*DIRECTIONS:*
Your response should be an exact transcription of the data, images excluded.

START DATA TO PROCESS

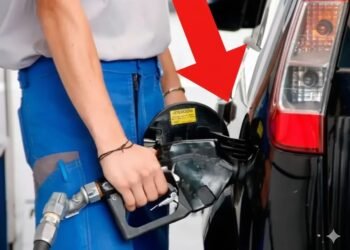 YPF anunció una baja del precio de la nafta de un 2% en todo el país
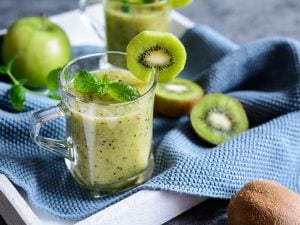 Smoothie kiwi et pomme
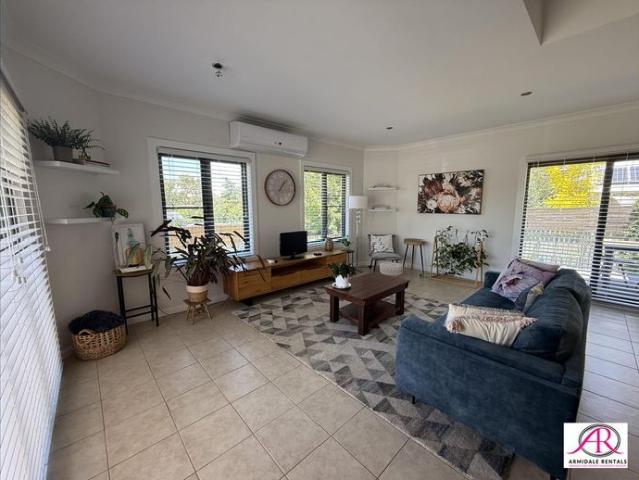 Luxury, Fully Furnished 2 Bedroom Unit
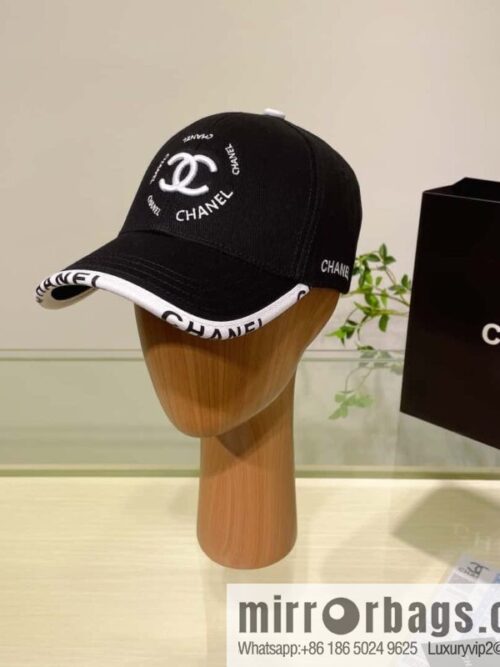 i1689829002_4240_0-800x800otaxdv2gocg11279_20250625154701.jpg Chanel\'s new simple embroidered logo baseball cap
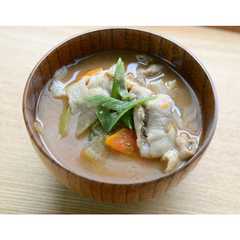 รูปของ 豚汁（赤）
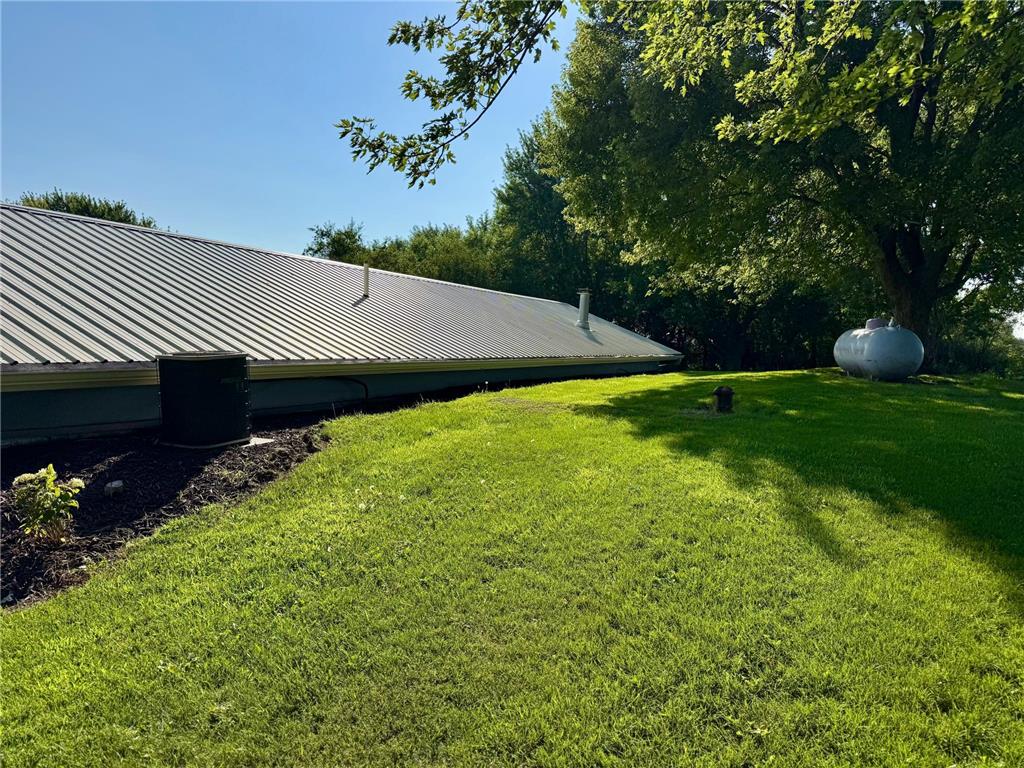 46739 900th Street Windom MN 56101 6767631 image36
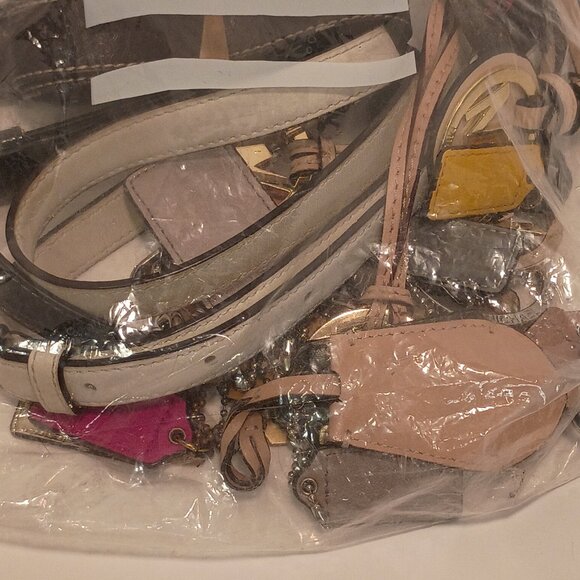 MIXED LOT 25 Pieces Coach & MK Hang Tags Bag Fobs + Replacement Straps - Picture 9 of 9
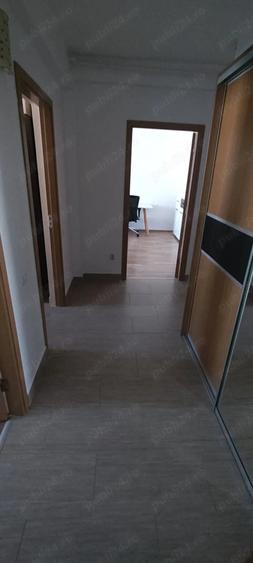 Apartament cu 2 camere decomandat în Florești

END DATA TO PROCESS

*PROBLEM SOLUTION:*
 YPF anunció una baja del precio de la nafta de un 2% en todo el país
 Smoothie kiwi et pomme
 Luxury, Fully Furnished 2 Bedroom Unit
 i1689829002_4240_0-800x800otaxdv2gocg11279_20250625154701.jpg Chanel\'s new simple embroidered logo baseball cap
 รูปของ 豚汁（赤）
 46739 900th Street Windom MN 56101 6767631 image36
 MIXED LOT 25 Pieces Coach & MK Hang Tags Bag Fobs + Replacement Straps - Picture 9 of 9
 Apartament cu 2 camere decomandat în Florești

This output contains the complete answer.